+++ Records for this exercise

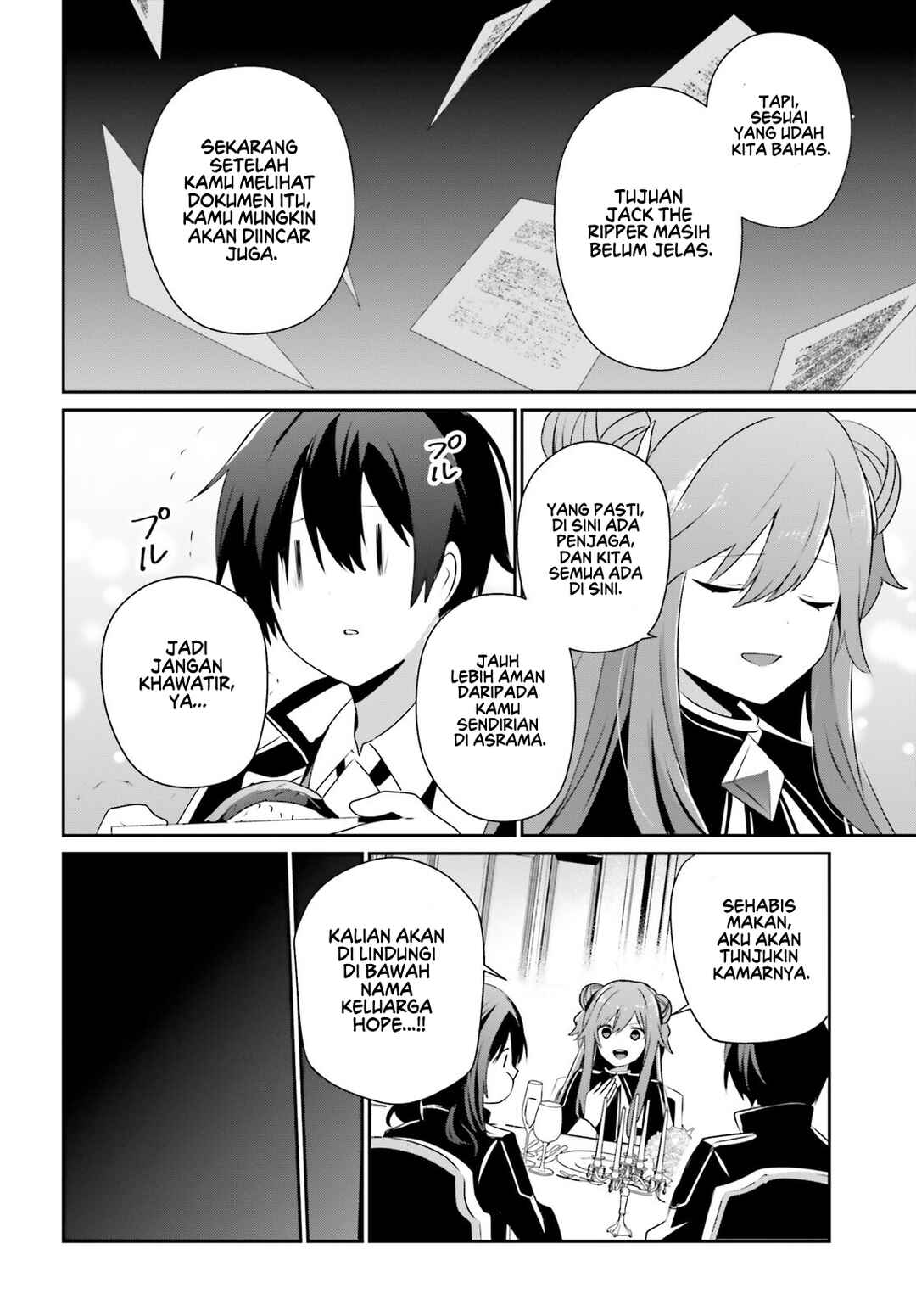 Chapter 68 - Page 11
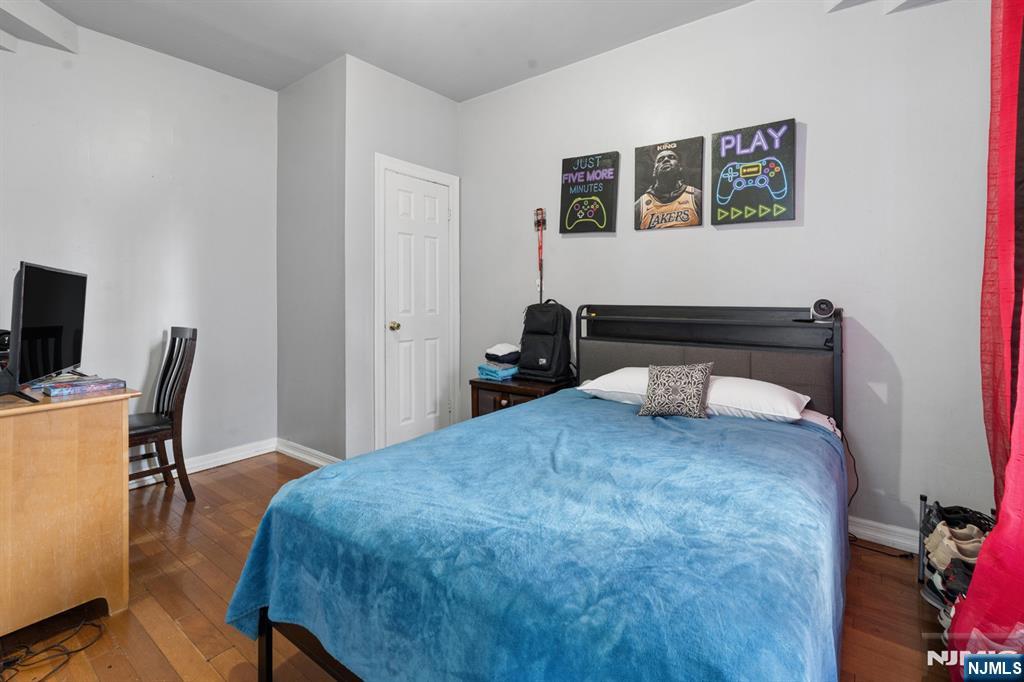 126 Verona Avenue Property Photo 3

++++++
+++ Records for this exercise

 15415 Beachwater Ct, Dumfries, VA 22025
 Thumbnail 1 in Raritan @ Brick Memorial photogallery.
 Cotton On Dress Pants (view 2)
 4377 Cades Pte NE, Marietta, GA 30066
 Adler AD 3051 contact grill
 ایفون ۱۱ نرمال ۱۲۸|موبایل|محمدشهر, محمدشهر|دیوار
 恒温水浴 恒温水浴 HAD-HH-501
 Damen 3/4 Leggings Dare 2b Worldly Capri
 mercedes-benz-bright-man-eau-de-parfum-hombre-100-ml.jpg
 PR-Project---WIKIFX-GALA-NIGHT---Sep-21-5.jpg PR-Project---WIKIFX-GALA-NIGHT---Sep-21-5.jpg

++++++
+++ Records for this exercise

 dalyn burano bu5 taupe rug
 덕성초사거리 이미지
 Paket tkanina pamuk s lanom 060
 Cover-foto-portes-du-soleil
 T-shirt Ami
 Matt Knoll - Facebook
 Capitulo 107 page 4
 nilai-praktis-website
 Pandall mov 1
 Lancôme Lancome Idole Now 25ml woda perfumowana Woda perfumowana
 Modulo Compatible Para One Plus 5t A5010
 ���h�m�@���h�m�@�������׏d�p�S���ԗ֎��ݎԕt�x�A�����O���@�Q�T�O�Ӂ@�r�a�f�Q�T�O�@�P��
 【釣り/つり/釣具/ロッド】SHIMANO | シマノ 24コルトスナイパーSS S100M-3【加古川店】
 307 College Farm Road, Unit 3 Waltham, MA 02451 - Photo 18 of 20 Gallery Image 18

++++++

§ **Work order**
What lines above run from the one with "Chapter 68 - Page 11" to the one with "126 Verona Avenue Property Photo 3"? Give them again exactly, ends included, and leave the pictures out.

§ **Answer to this task**
 Chapter 68 - Page 11
 126 Verona Avenue Property Photo 3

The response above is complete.